- What is needed: Repeat all of the data below word for word, keeping no images.
══ Provided material
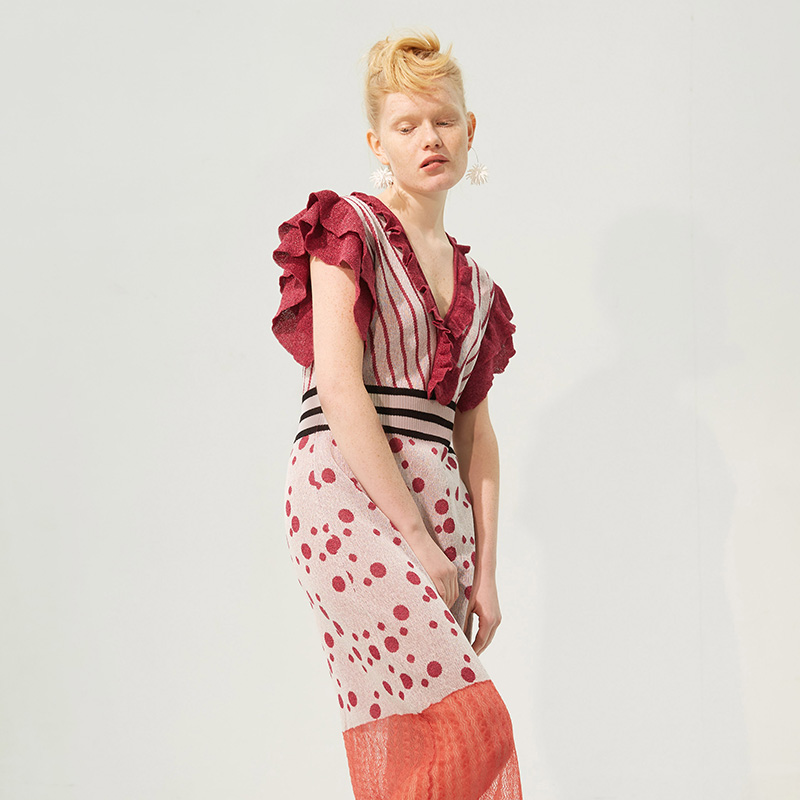 原创设计师Lou de Nannan通勤红色浪漫波点v领拼接提花针织连衣裙-封面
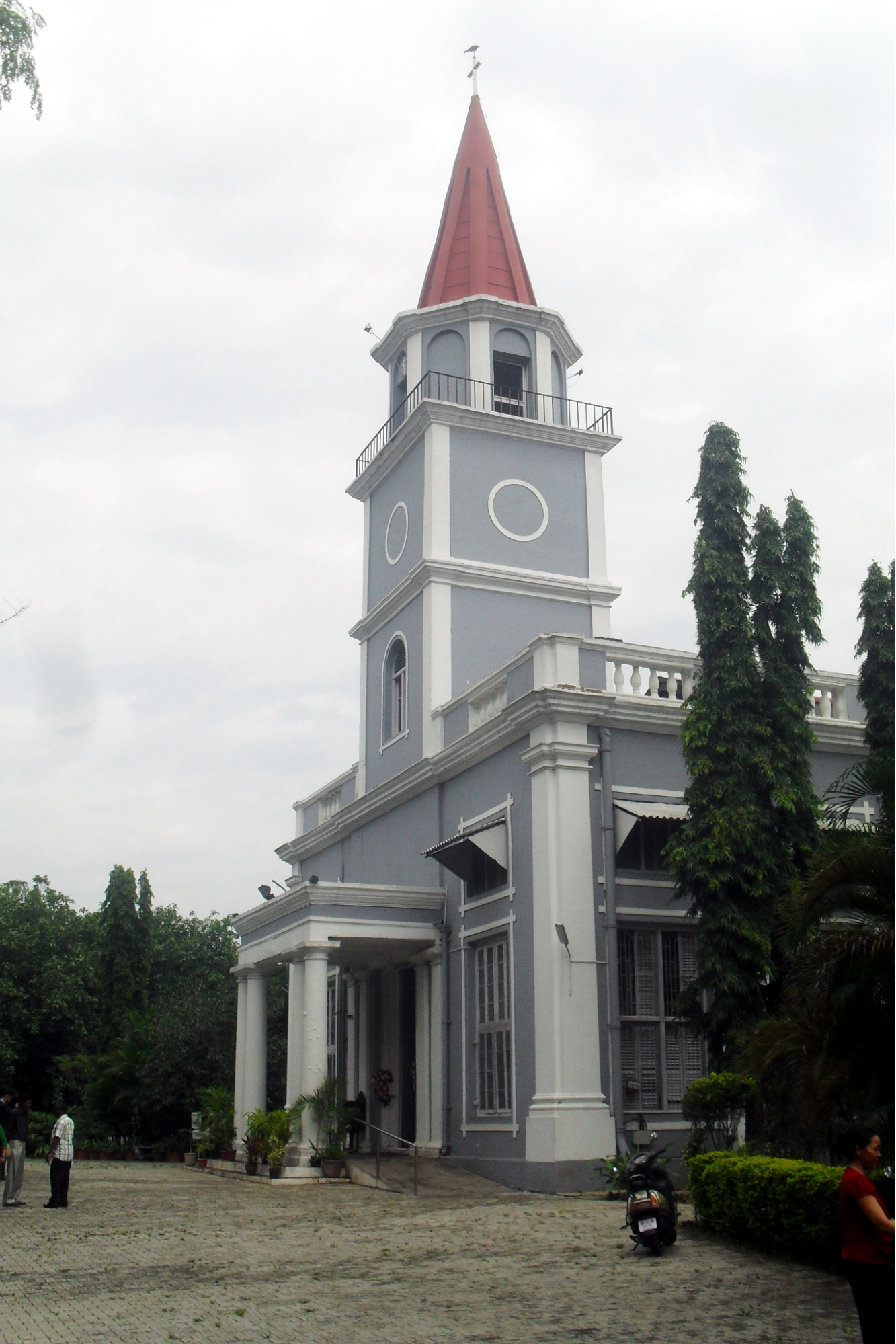 Exterior of St. Mary’s Church in Pune Cantonment area, established in 1825 for the British garrison in the region.[93]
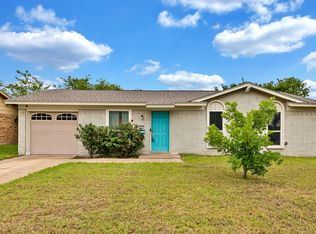 732 SW Hillside Dr, Burleson, TX 76028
════
- Response below:
 原创设计师Lou de Nannan通勤红色浪漫波点v领拼接提花针织连衣裙-封面
 Exterior of St. Mary’s Church in Pune Cantonment area, established in 1825 for the British garrison in the region.[93]
 732 SW Hillside Dr, Burleson, TX 76028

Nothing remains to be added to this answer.